[Given entries Boundary: Start]

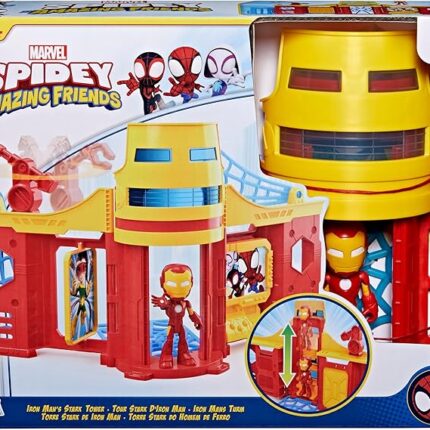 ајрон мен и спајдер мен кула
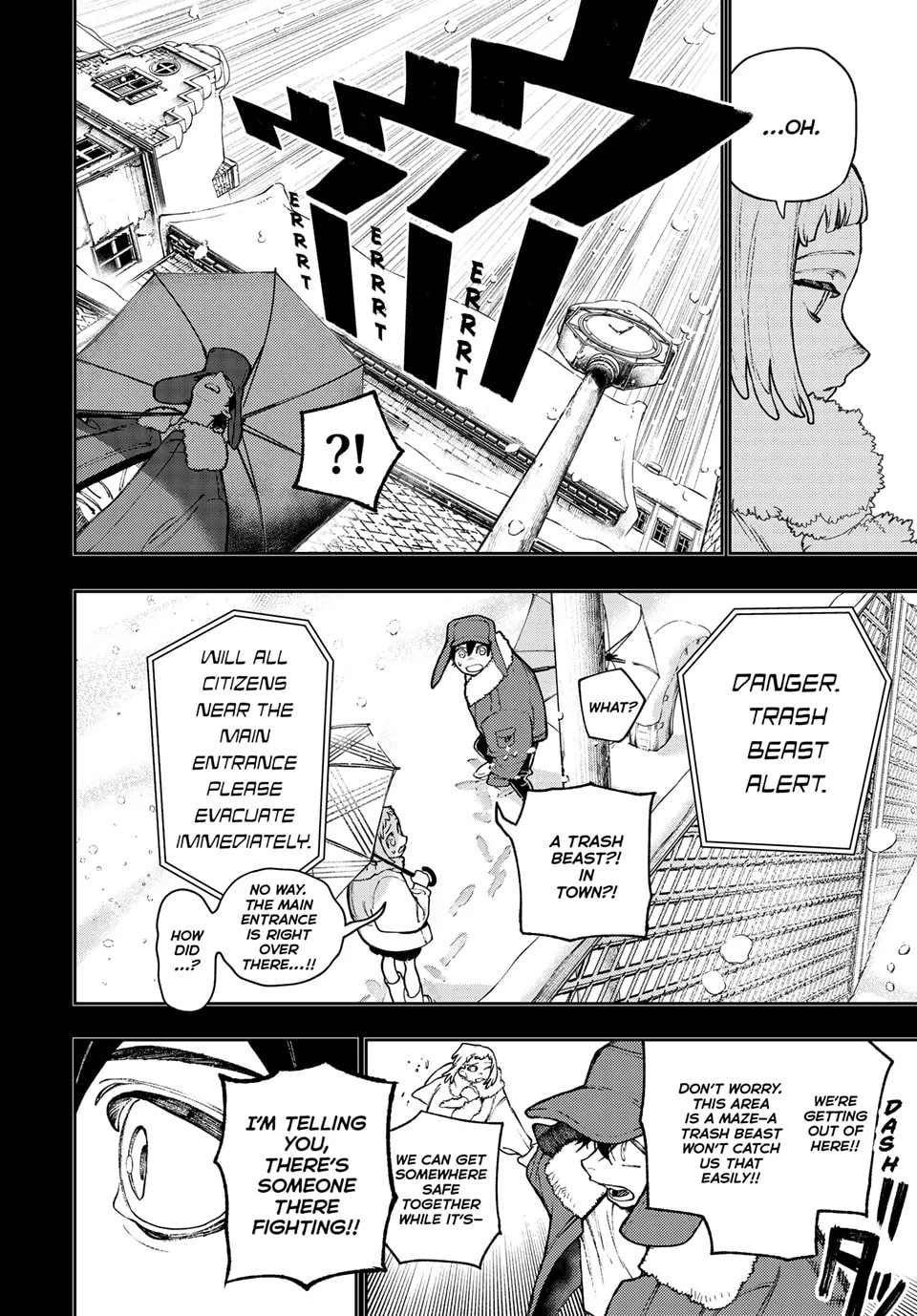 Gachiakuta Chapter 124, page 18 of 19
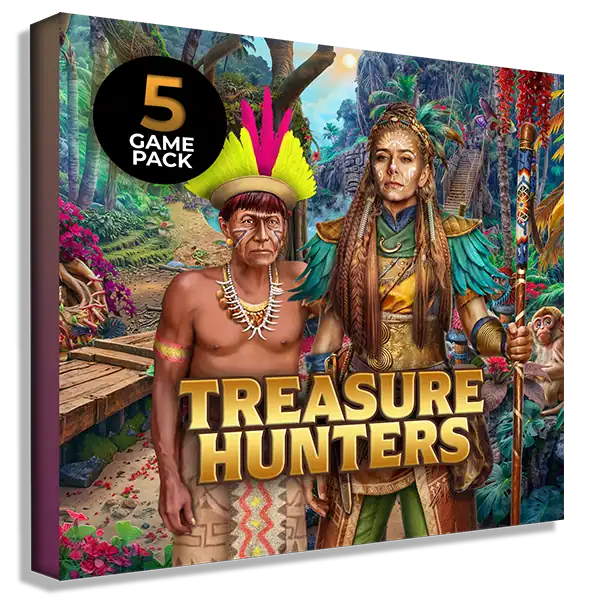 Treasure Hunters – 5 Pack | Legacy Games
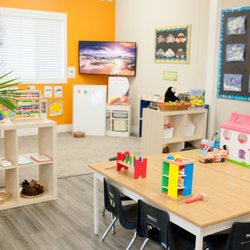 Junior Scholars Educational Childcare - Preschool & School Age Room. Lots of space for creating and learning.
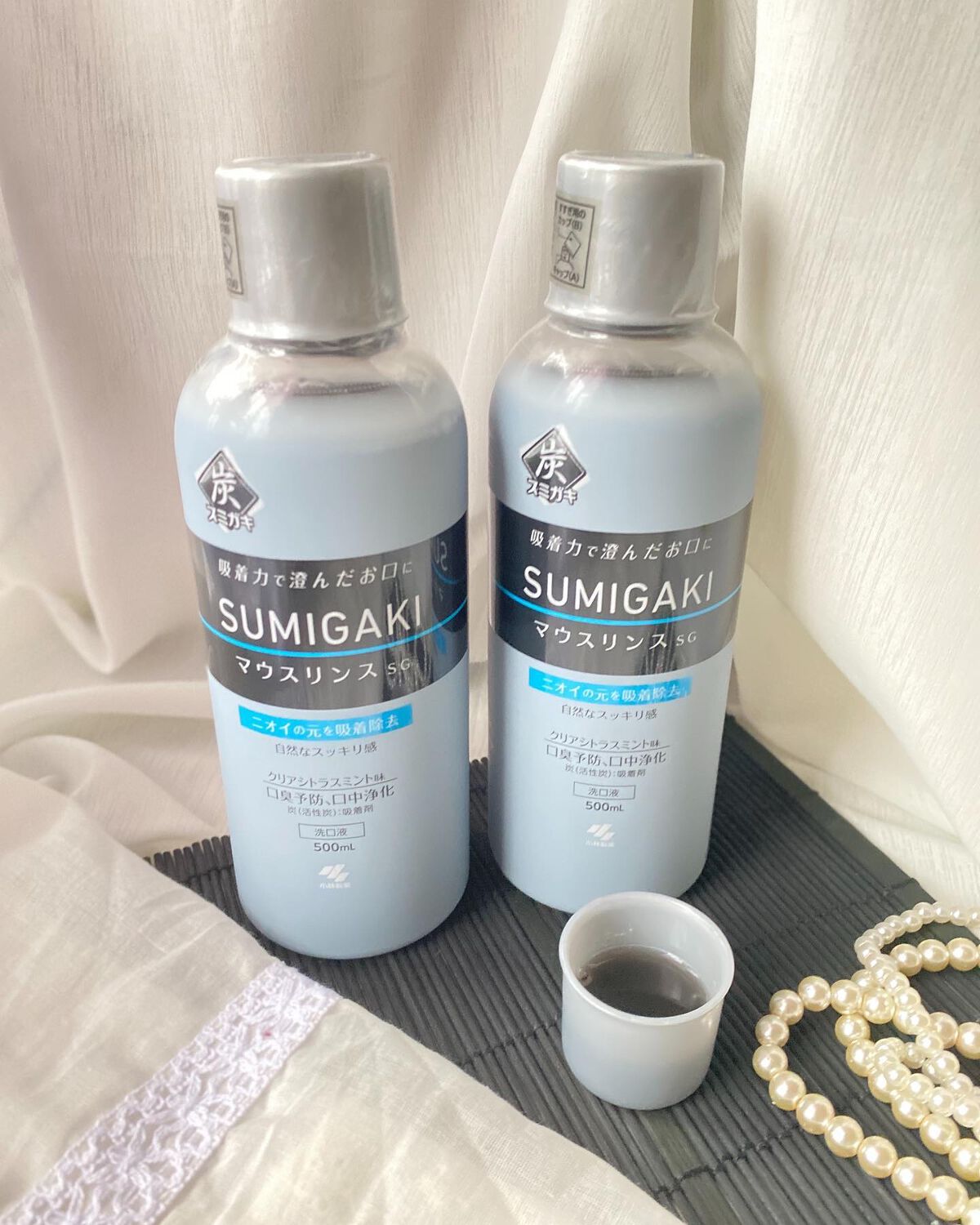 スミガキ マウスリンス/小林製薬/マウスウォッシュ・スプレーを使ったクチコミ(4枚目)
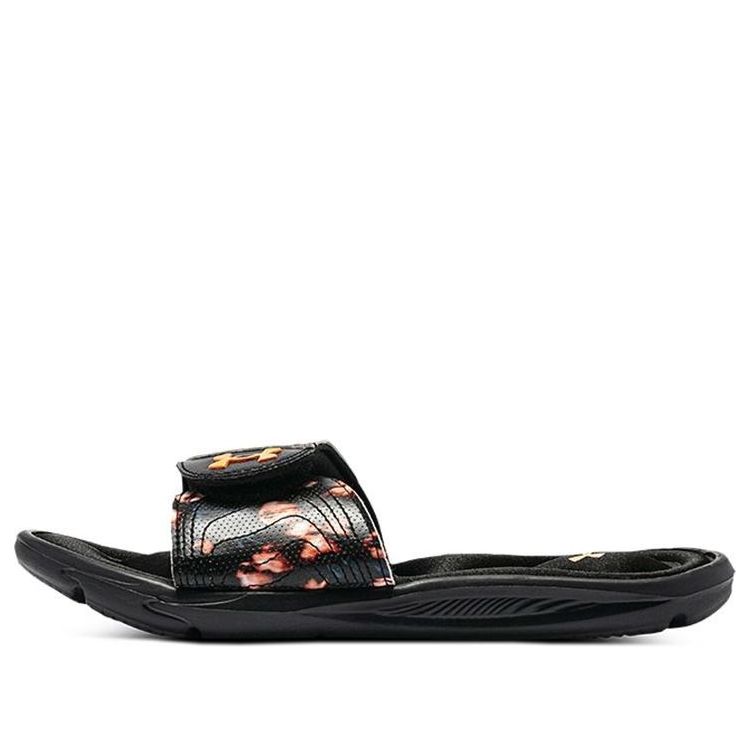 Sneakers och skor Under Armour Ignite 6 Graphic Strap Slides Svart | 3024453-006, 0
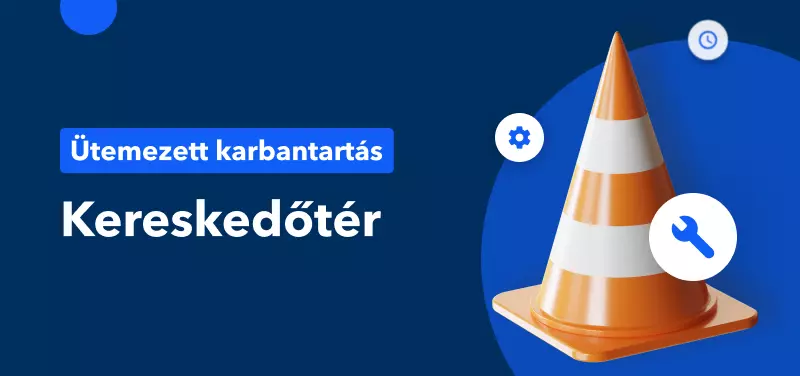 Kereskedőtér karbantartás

[Given entries Boundary: End]

Only the lines from the line that contains "スミガキ マウスリンス/小林" through the end of the entries are to be written out, exactly and without pictures, both ends included.

 スミガキ マウスリンス/小林製薬/マウスウォッシュ・スプレーを使ったクチコミ(4枚目)
 Sneakers och skor Under Armour Ignite 6 Graphic Strap Slides Svart | 3024453-006, 0
 Kereskedőtér karbantartás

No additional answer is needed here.